7 Attributes of a Healthy Team
My whole life I have been SO attracted to the notion of teamwork. Something about every person having a perfect niche, specializing within his own sphere, and being celebrated for his unique contribution within the context of a healthy team has ALWAYS made me giddy! I think that’s one of the primary reasons I adored Scooby-Doo so much growing up.. I loved that each person on the team had a special skill that was necessary and recognized. They did not confuse roles or even attempt to solve the case on their own; they developed an enormous sense of awareness for how they desperately needed each other to catch the baddie.
MMM.. just talking about it makes me feel like I’m eating rainbows while somebody is pouring sprinkles atop my head.
As you can probably see, I’m pretty passionate about teamwork. I’m passionate about recognizing what each person specializes in, how he specifically contributes to the larger picture, and how that can be best utilized. Because of this, I have gravitated toward “team”, and over time have developed several successful teams. These are a couple principles for those of you who are building teams of your own, that I have found to be foundational.
- A healthy team eats together and laughs together! You may think it strange I chose to put this at the top of the list, but I have this to be true again and again and again. I can’t explain it, but regularly including food in your gatherings and laughing easily is foundational to a dream team.
- A healthy team is uncomplicated, and this starts on the individual level. To me, being uncomplicated means that you exist to make your teammates’ lives simpler. You are committed to being easy to work with. Uncomplicated individuals on a team are always well prepared, communicate effectively, are on time, and regularly ask for feedback.
- A healthy team assumes positive intent. Our stunning Drama Director Danielle Summers has brought this expression into our Creative Arts department, and I LOVE it! Whenever a potential issue arises that deals with another teammate, a healthy team will always simply assume positive intent.
- A healthy team trusts each other. Like anything worth having, trust takes intentionality and time. Trust happens when the team is lovingly honest with each other and never punished for that honesty. Leaders, take note too, that the healthy kind of trust ALWAYS happens top-down, meaning that you must first place trust in your team before they learn to reciprocate.
- A healthy team finds every reason to celebrate! Another one that I can’t quite explain.. but a team that regularly celebrates together will build people who say “thank you” and “I appreciate you.”
- A healthy team doesn’t take things personally. It just doesn’t. This takes a team of people who are confident and secure individually first, to realize that when changes need to be made, when adjustments happen, or when re-evaluating is necessary, that it is never an attack on personal integrity.

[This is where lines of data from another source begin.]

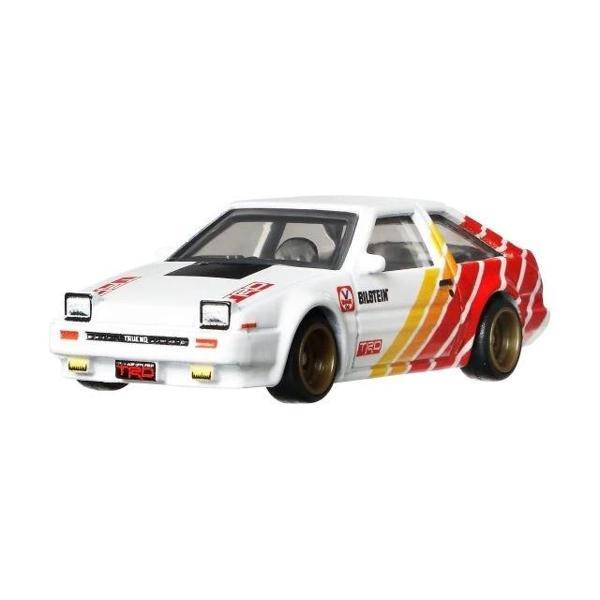 Hot Wheels Toyota AE86 Sprinter Trueno Araba - Image 1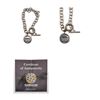 Image 2 : 3 Piece Sterling Jewelry Set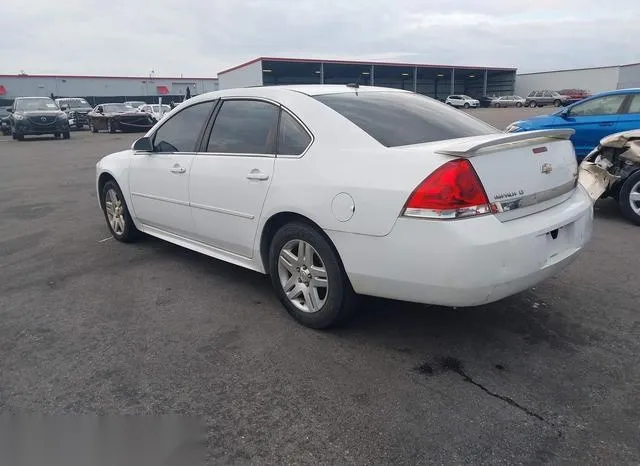 2G1WG5EK1B1296577 2011 2011 Chevrolet Impala- LT 3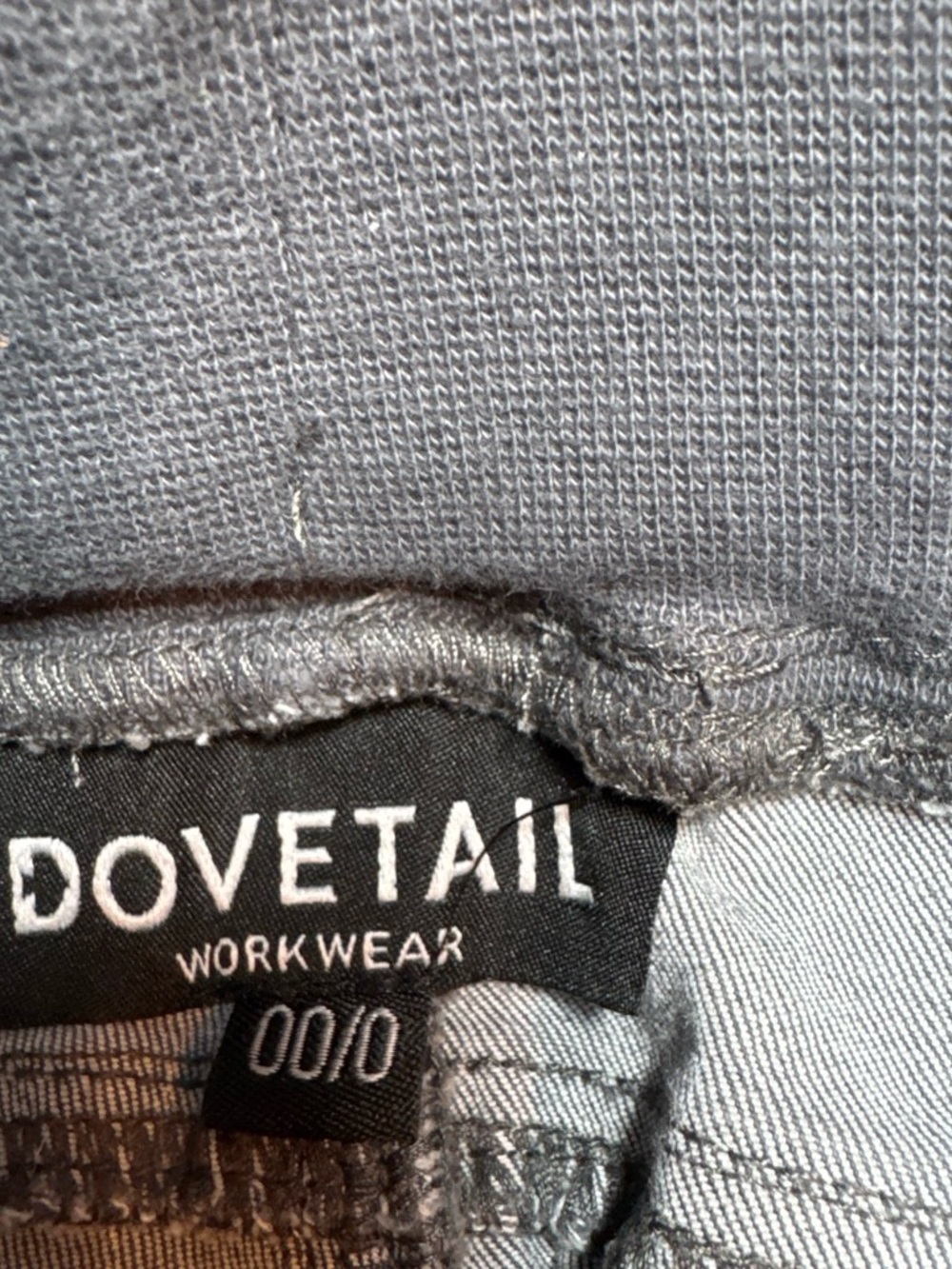 Dovetail Workwear gray Top - Classic gray
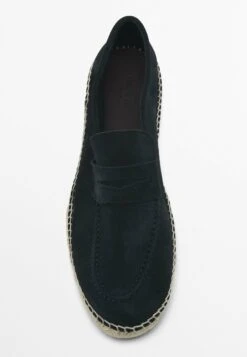 Massimo Dutti PENNY - Espadrilles - Blue -Massimo Dutti Shop f4eec7cf382041c694a6edb2d6dbccab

- A healthy team understands its roles. Each person plays a specific role that contributes to the larger picture. It is imperative that everyone understands his own role AND the roles that everyone else plays, so as to utilize strengths and also to respect (and even appreciate) bounds.
Certainly this is not an exhaustive list, but one that has a couple major principles in developing a dream team. I’ve heard it said that “Team is God’s secret weapon on earth,” and I think that is just so true. Together, we go farther.